▶ WHAT TO WORK ON:
Below are the records. Retype exactly the lines between the lines holding "Gym King Energy Tee - White 8" and "Protection de seuil", inclusive.

[Short descriptive text snippets]

============

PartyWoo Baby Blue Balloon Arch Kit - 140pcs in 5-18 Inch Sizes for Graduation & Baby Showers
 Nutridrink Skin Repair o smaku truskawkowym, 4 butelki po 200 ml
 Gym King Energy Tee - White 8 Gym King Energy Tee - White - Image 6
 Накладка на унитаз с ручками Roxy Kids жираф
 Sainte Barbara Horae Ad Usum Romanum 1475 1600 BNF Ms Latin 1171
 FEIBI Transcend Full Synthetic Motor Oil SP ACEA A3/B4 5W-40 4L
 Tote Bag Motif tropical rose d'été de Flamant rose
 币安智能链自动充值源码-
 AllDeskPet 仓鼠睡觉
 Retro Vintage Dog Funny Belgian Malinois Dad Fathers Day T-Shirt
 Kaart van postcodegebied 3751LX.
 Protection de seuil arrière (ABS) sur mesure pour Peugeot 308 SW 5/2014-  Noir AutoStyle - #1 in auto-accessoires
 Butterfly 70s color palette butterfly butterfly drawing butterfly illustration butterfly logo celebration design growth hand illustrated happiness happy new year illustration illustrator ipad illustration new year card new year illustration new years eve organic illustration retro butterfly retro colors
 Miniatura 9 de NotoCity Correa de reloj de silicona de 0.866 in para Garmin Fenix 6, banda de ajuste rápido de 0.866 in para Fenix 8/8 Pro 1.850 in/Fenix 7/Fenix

============

▶ RESPONSE AREA:
 Gym King Energy Tee - White 8 Gym King Energy Tee - White - Image 6
 Накладка на унитаз с ручками Roxy Kids жираф
 Sainte Barbara Horae Ad Usum Romanum 1475 1600 BNF Ms Latin 1171
 FEIBI Transcend Full Synthetic Motor Oil SP ACEA A3/B4 5W-40 4L
 Tote Bag Motif tropical rose d'été de Flamant rose
 币安智能链自动充值源码-
 AllDeskPet 仓鼠睡觉
 Retro Vintage Dog Funny Belgian Malinois Dad Fathers Day T-Shirt
 Kaart van postcodegebied 3751LX.
 Protection de seuil arrière (ABS) sur mesure pour Peugeot 308 SW 5/2014-  Noir AutoStyle - #1 in auto-accessoires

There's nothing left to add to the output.